During my depression, some friends from St. Louis called. We’d known them from our first apartment building in San Francisco before they moved back home. Pam asked if they could come for a visit, re-new old times and re-visit San Francisco. I warned her I was depressed. She wanted answers, but I dodged her questions, and she concluded, “Marty, you need something for yourself. We’ve got just the thing. Invite some of your friends over and let us show everybody this exciting stuff.” I hadn’t entertained in years, and when I invited about six or eight of my closest friends, they thought I must have revived. They came expecting a good time.

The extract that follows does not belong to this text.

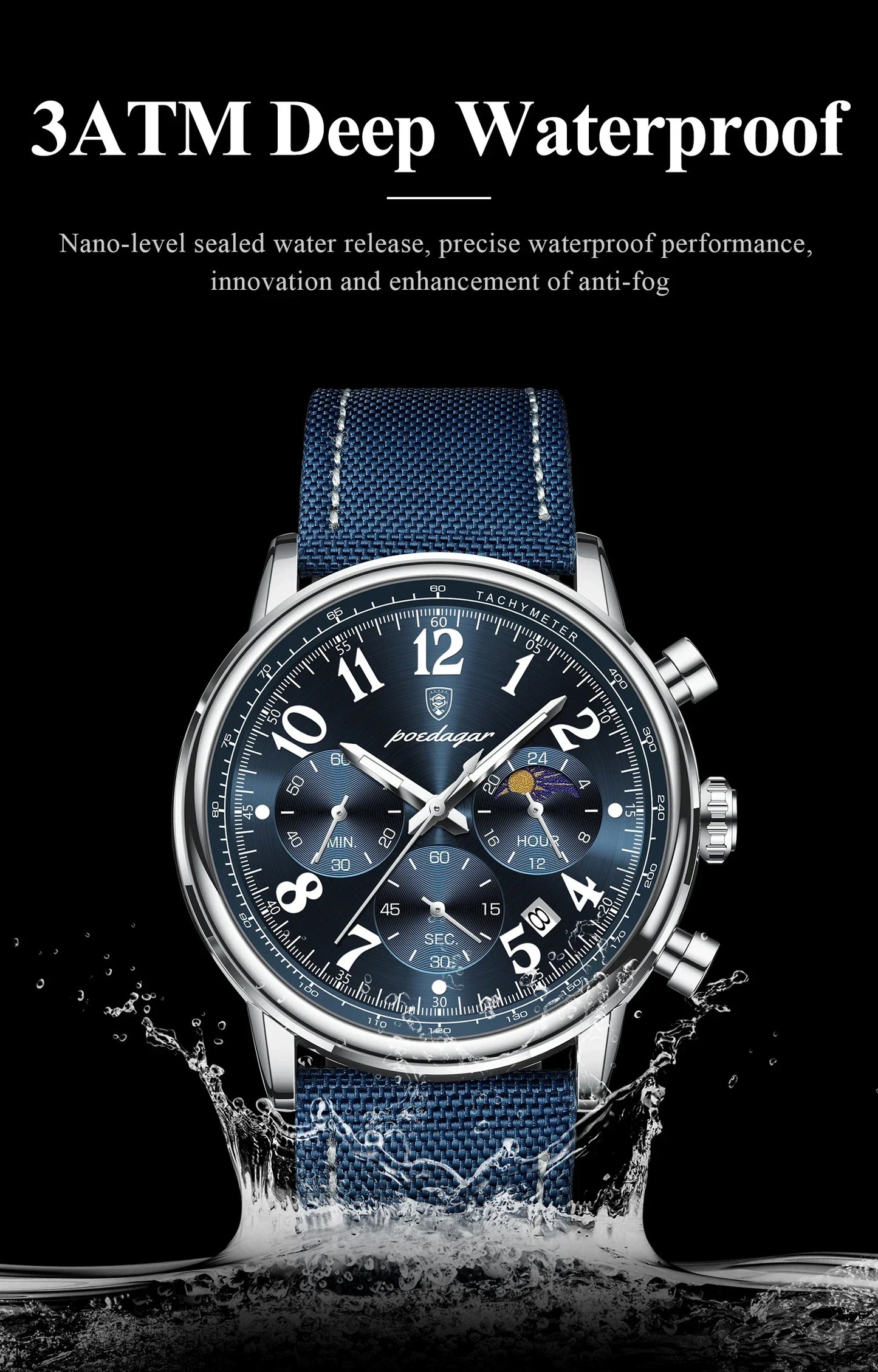 POEDAGAR Tactical Chronograph Watch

Pam and Scott brought four suitcases. I thought that a lot, but then people travel in different ways. We spent the week like slap-happy tourists, even renting roller skates, dashing around the wharves. Then Friday night arrived, and out came the suitcases. Their ‘exciting stuff’ was a multi-level marketing plan! My friends were not impressed. No one signed up; no one bought. Pam whined, “We brought $150 worth of samples out here.” So I bought the samples and signed up. After all, depression has no sense of discernment.

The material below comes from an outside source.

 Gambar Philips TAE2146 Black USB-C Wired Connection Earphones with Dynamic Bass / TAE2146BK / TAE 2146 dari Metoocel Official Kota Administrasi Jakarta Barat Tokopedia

After putting them back on the plane, I thought to myself, ‘Who on earth can I get to sign up for this?’ Aha! My Aunt Deborah. Leaving the kids with friends, I drove into the foothills to spend the night with her. I told her about the company right away, having learned what not to do from my St. Louis friends, and she said, “Oh, sure. I’ll sign up, but first I have a prayer meeting to go to tonight, and we can talk about all that when we get home.” Naturally, she expected me to go with her. Depression also has no strength to say no.
Normally, the foothills of northern California have no need of air conditioning, but members set the chairs in the parking lot because the church was insufferably hot. I’d never been to a prayer meeting before, so where it took place made no difference to me, I just wondered what happened there. I’d thrown prayers at heaven throughout my life, prayers like “Please God, let me have that job.” Or “Please don’t let that cop give me a ticket!” But I never, ever entertained the thought that I could wait for an answer.
Ten or twelve of us sat in a circle. I was the newcomer, so everyone said their name. The minute the names were said, I forgot them, and I don’t think I ever registered anything the Pastor said as I was too busy wondering how a Pastor could wear jeans. But a strange thing happened. When I closed my eyes, I realized I was willing. I was too depressed to form a question, but I was willing to hear from God.
With my eyes closed, in the center of the circle I saw a bright, white light, larger than the size of a man, emitting such heat I thought my skin would burn, and such wind that it felt like my hair had been plastered to my head. My logical mind said that the sun was setting and that a wind had come up. I opened one eye and saw that the sun had already set, and there wasn’t even a breeze in the trees, so I closed my eye again. Still in front of me, I continued to watch the light. Out stepped the classic form of Jesus who spread His arms and said, “Come to Me.”
I was about to get out of my chair to go to Him when the Pastor said, “Amen.” Socially obligated to open my eyes, the apparition disappeared. Distressed when the others stood up ready to leave I asked myself, “Two minutes? They only pray for two minutes?” But then I looked at my watch and realized I had been entranced by Jesus for over two hours!
His eyes mesmerized me. The color could not be described because light streamed from them like being jettisoned from millions of facets of a diamond. Perhaps that’s why they are sometimes said to be blue, like the impression of blue that a pure diamond can give. All I know is those eyes had a depth that made me feel I could swim into them and discover a whole new world. There was wisdom I had never encountered on this earth and an understanding that turned the knowledge of this world upside down. There was no doubt in my mind. I wanted to go to Him. I wanted to be embraced by those arms and submerge myself into His world and see my world through His eyes.
Even so, as I walked away from that circle and we drove away from the church, the vast insight I had faded away, leaving me only with the intense desire to get it back. How could I find it again? But I soon learned, it wasn’t up to me to find it. It was up to me to receive it, because something did go home with me that night, something that did not leave me alone, something that spoke kindly to me, words of love, words of encouragement. I greedily received everything it had to say—whatever ‘it’ was.